After a day of drama on Capitol Hill, inquiring non-legal minds want to know whether a case can be made that President Donald Trump obstructed justice with respect to the FBI’s investigation into Russian spies meddling in last year’s election in general, and former Trump National Security Adviser Mike Flynn having ties to Russia, specifically.

The simple answer is “yes!”

Assuming that it is even possible for a sitting president to be charged with a criminal offense (the Constitution is ambiguous as to whether a sitting president can get locked up), what is the likelihood that Trump would be convicted if charged?

The simple answer is “slim now, but getting stronger by the day with each ill-advised Tweet.”

For all of former FBI Director James Comey’ s evidence via memo and live testimony today, as a former prosecutor and current criminal defense lawyer who handles federal criminal cases routinely, what stands out the most to me are the following comments that Comey says that the president made to him this past winter after asking Attorney General Jeff Sessions and Chief of Staff Reince Priebus to exit the room:

President Trump: “I want to talk about Mike Flynn…He (Flynn) is a good guy and has been through a lot… I hope you can see your way clear to letting this go, to letting Flynn go. He is a good guy. I hope you can let this go.”

At the time President Trump made those discursive remarks to Comey, he knew full well that Flynn was under suspicion of myriad illegal or unethical acts relating to Russia. As such, the issue is with Comey reporting directly to AG Sessions, and Sessions serving at the pleasure of Trump, was Trump’s comments an “aww shucks, I really like Flynn and am worried about my BFF” moment that lacked persuasive (read-criminal) intent?
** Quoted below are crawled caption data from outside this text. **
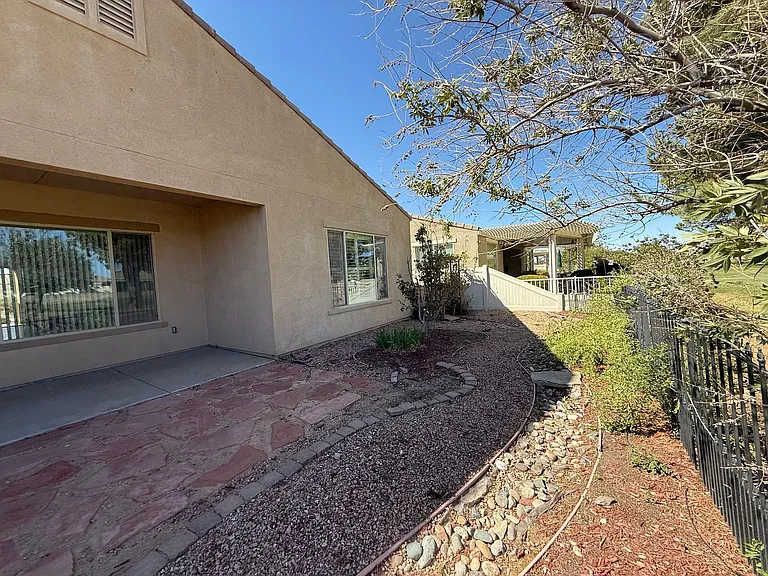 19255 Castana St — Photo 29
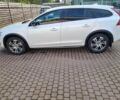 Белый Вольво B60, объемом двигателя 2.4 л и пробегом 177 тыс. км за 14800 $, фото 1 на Automoto.ua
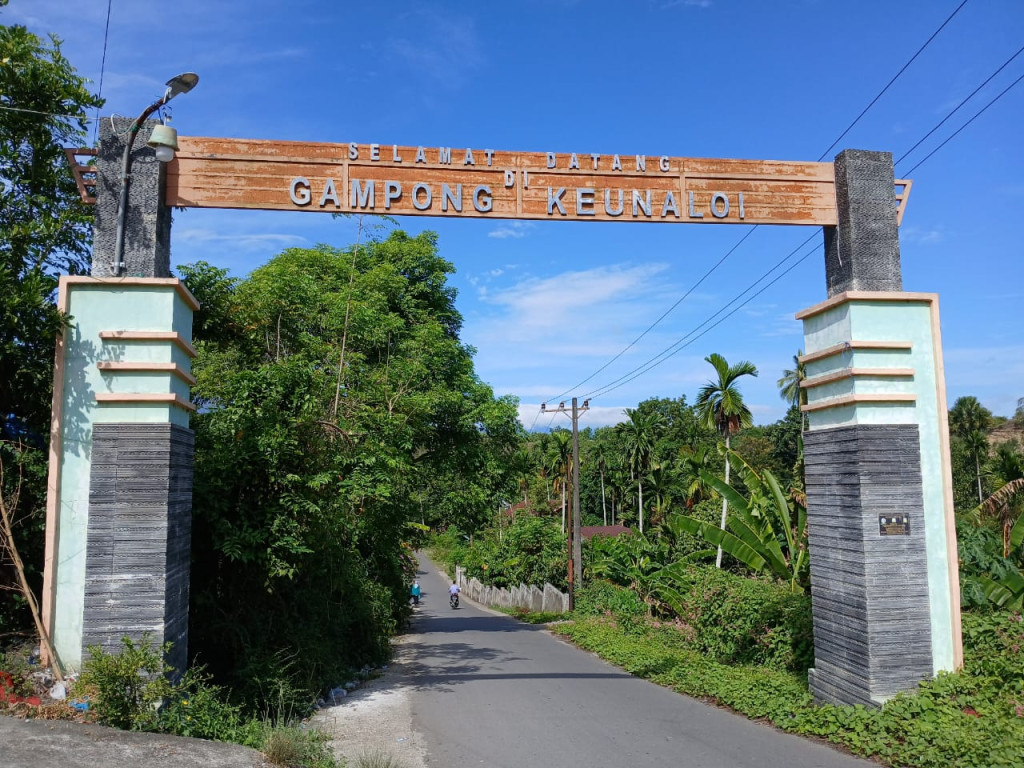 Gapura pintu masuk Gampong Keunaloi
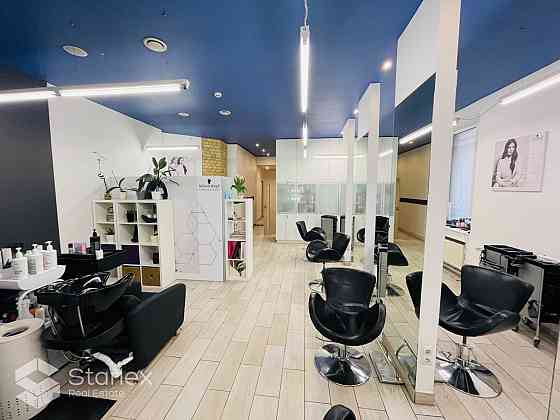 Сдается коммерческое помещение, подходящее под парикмахерскую/салон красоты, в Rīga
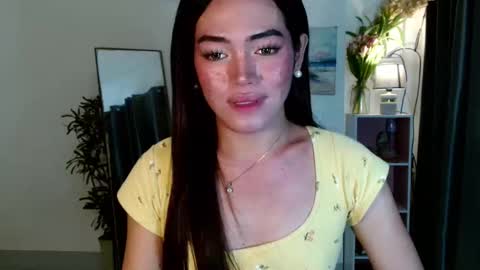 my beautiful cris online show from October 9, 2025, 4:43 am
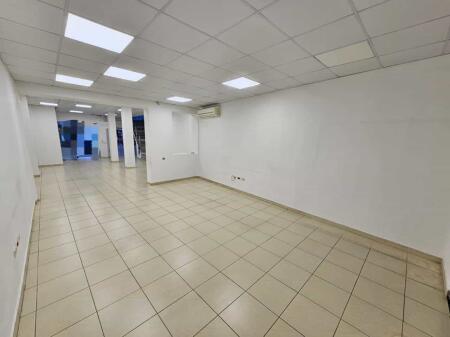 Edificio di 3 piani in affitto a Myslym Shyri (ID BZ2731) Tirana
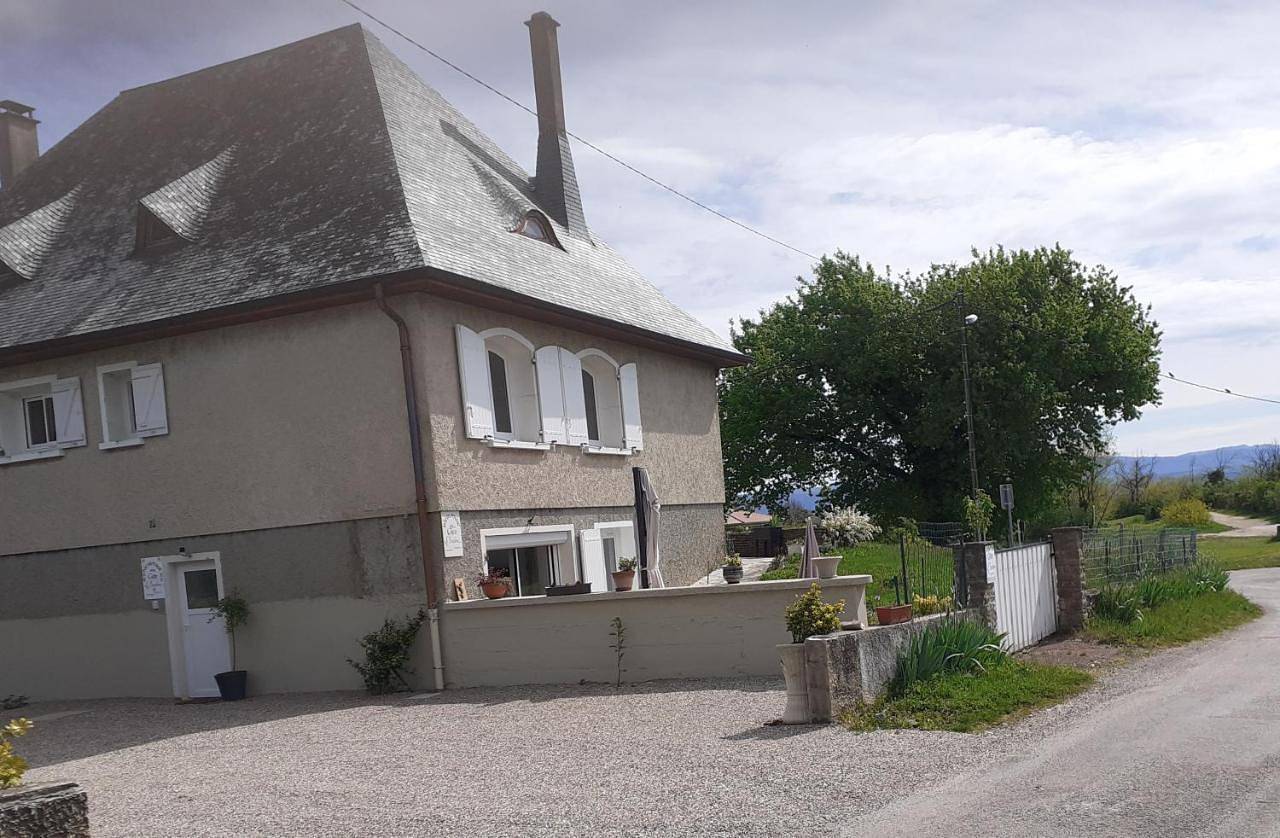 Apartment - Ground Floor in Pérouges, Ain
Or was Trump doing the old Washington two-step, with a wink and a nod and the subtle implication that Director Comey should look out for his loyal friend, Flynn, by dropping the investigation? At this juncture, a definitive answer is hard to come by.

If a criminal investigation were capable of leading to an indictment of Trump, the rule of law that guides such analysis emanates from Title 18 USC 1503 which provides in pertinent part: “Whoever corruptly, or by threats or force, or by any threatening letter or communication influences, obstructs, or impedes or endeavors to influence, obstruct, or impede the due and proper administration of the law under which any pending proceeding is being had before any department or agency of the United States, shall be guilty of a crime.”

For lawyers, each word in a statute matters and in this instance, the critical word that a Trump prosecution would hinge upon is “corruptly.” That is the “mens rea” or specific intent that must be delved into, which is whether Trump knew and intended for what he said to Comey to lead to a cessation of the Flynn investigation.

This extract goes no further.